Spontaneous Ca²⁺ release was measured, in single cardiomyocytes field-stimulated at 4 Hz for 15 s. Although we observed spontaneous Ca²⁺ release episodes in both groups, the number of spontaneous events was significantly larger in the trained group (11.7 ± 3.9 events/15 s vs 2.7 ± 1.2 events/15 s, n = 10/5 and 10/5 respectively, p < 0.05, Fig. 5).

Figure 5.

Comparison of spontaneous Ca²⁺ releases under 4 Hz stimulation frequency between control (a) and trained (b) rats. The black arrows indicate the electric stimuli, the grey arrow marks an ineffective stimulus. We found larger number of spontaneous Ca²⁺ releases in the trained group, compared to control (c).

The I_Ca,L, SR Ca²⁺ content and Ca²⁺ transient measurements

Figure 6a shows the voltage-current relationship of the L-type Ca²⁺ current (I_Ca,L) in the presence of buffered intracellular solution. 50 ms-long depolarization pulses from a holding potential of − 80 mV to − 40 mV were applied to inactivate the sodium current, followed by voltage steps to 30 mV to elicit Ca²⁺ current. As the superimposed plot and the bar graph (at + 10 mV) show, I_Ca,L density was not different in the trained group at all membrane potentials compared to control (n = 5/4 and n = 5/4). Rapid application of 10 mM caffeine (Fig. 6b) at a holding potential of − 80 mV was used to estimate the SR Ca²⁺ content. The caffeine flush was preceded by 10 consecutive conditioning pulses from -80 to 0 mV to reach a steady-state SR Ca²⁺ level. We analyzed the integral of caffeine-induced NCX currents as an indicator of the SR Ca²⁺ content and found that SR Ca²⁺ content was significantly increased in the trained group compared to controls (− 1.84 ± 0.4 (pA*s)/pF vs − 1.25 ± 0.5 (pA*s)/pF n = 8/5 and 8/4, respectively, p < 0.05; Fig. 6b). Ca²⁺ transients were measured at 4 Hz pacing frequency to approximate the physiological heart rate of rats (Fig. 6c). We found that the magnitudes of Ca²⁺ transients obtained from the trained group were increased compared to control animals (trained: 114.1 ± 8 AU vs control: 91.1 ± 10 AU, n = 10/5 and 10/5, respectively, p < 0.05, Fig. 6d). The half-decay time of the Ca²⁺ transients, measured at 50% of transient decay, was faster in the case of the trained group (118.7 ± 4 ms vs 140.8 ± 5 ms, n = 10, p < 0.05, Fig. 6e).

Figure 6.

Assessment of Ca²⁺ handling on isolated cells. Panel (a) shows identical current–voltage relationship of L-type Ca²⁺ current between groups. Panel (b) illustrates significantly larger inward current as a response of 10 mM caffeine application. Panel (c,d) reports larger Ca²⁺ transient amplitude in the case of trained rats (red trace) compared to control (black trace). Panel (e) indicates faster transient relaxation kinetics in the case of trained animals.
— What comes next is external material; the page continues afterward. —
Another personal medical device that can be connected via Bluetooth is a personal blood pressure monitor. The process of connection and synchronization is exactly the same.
Repolarizing potassium currents, I_to and I_K1

The potential remodeling induced changes in the densities of the I_to and I_K1 were examined in the presence of 10 mM EGTA and I_CaL inhibition. I_to (Fig. 7a,c) was elicited by 300 ms-long voltage steps to 60 mV from a holding potential of -80 mV. As original current traces (Fig. 7a), as well as current–voltage diagram (Fig. 7c) show, the currents were almost identical between groups. I_K1 was measured by using 300 ms-long depolarizing pulses between − 140 and − 30 mV from a holding potential of -80 mV. Similarly to I_to, I_K1 did not differ between the control and trained groups (Fig. 7b,d).

Figure 7.

Investigation of the main repolarizing potassium currents on isolated cells. As representative current traces (Panel a,b) and current–voltage diagrams (panel c) illustrate, the currents were found identical between control and trained groups.

Average cell size, as estimated by the whole cell capacitance obtained from our patch clamp experiments was increased significantly, in cardiomyocytes from trained animals compared to control cells (281 ± 12 pF vs 232 ± 15 pF, n = 20, p < 0.05) (Figs. 6a and 7).
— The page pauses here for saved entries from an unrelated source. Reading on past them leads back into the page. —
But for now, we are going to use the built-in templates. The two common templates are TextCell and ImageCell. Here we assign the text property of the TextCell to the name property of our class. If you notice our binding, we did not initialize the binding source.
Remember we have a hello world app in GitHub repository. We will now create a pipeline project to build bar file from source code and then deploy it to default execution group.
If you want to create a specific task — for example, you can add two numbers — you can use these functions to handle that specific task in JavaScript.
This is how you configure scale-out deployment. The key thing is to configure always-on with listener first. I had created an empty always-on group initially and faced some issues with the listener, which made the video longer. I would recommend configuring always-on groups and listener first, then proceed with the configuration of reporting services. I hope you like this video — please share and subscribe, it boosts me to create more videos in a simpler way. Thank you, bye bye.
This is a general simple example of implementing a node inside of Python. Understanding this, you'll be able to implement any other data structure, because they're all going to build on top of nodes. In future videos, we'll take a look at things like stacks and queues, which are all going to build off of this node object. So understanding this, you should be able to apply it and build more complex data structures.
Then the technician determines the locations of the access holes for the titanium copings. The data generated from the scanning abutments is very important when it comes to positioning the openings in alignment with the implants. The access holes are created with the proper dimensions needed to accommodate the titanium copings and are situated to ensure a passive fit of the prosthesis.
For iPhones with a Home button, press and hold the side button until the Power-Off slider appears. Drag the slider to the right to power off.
Ion channel gene expression levels

The expression levels of genes involved in Ca²⁺ handling were examined by qRT-PCR. We found that the relative mRNA expression of ryanodine receptor 2 and calsequestrin were significantly higher in the trained group compared to control. The mRNA levels of NCX, SERCA2, LTCC genes and PLN were not different (Fig. 8).

Figure 8.

Myocardial gene expression analysis.

Phosphorylation of PKA C, PLN and SERCA2 protein expression

The pan and phosphorylated forms of key proteins involved in the regulation of Ca²⁺ homeostasis, including PKA C, PLN and SERCA2 protein expression were compared in biopsies from the left ventricles of trained and control rats. Training markedly increased phosphorylation of phospholamban oligomers. There were no significant differences between the groups regarding PKA C phosphorylation, and SERCA expression (Fig. 9).

Figure 9.

The effect of training on the SERCA phosphorylation pathway. The pan and phosphorylated PKA C (a), PLN (b) and the SERCA2 (c) protein expression.

Discussion

In this work, we studied the consequences of structural and electrical remodeling induced by intensive exercise training in rats. The most important findings of the study are: (i) ventricular hypertrophy and increased cardiac output in trained rats is associated with enhanced arrhythmogenic trigger activity; (ii) these arrhythmogenic events are predominantly of ventricular origin, suggesting delayed afterdepolarizations via increased SR Ca²⁺ content as an underlying mechanism; (iii) the enhanced SR Ca²⁺ content is maintained by increased expression of the phosphorylated form of phospholamban, and increased level of calsequestrin.

Our results suggest that the physiological adaptation of Ca²⁺ homeostasis underlying the increased cardiac output demand during exercise, provides a potentially harmful arrhythmia source. In our study, neither key repolarization parameters nor the repolarization inhomogeneity¹⁵ differ significantly in trained compared to control rats, which suggests no change in the arrhythmia substrate in the rat model. However, the increased triggering activity observed in the rat model of the athlete’s heart may be coupled with increased transmural dispersion of repolarization in humans (e.g.: as a possible consequence of certain medications and/or dietary supplements, steroid doping agents, or congenital genetic disorders) and therefore can be accounted for the development of life threatening arrhythmias in top athletes. It should be noted that, in contrast to other mammals including human, neither the rapid nor the slow (I_Ks) delayed rectifier potassium currents (I_Kr and I_Ks, respectively) operate in the rat. Therefore, these currents could not be studied in our model, warranting further studies using other species (e.g. rabbits, dogs) to investigate possible changes in repolarization potentially enhancing the arrhythmia substrate during endurance training.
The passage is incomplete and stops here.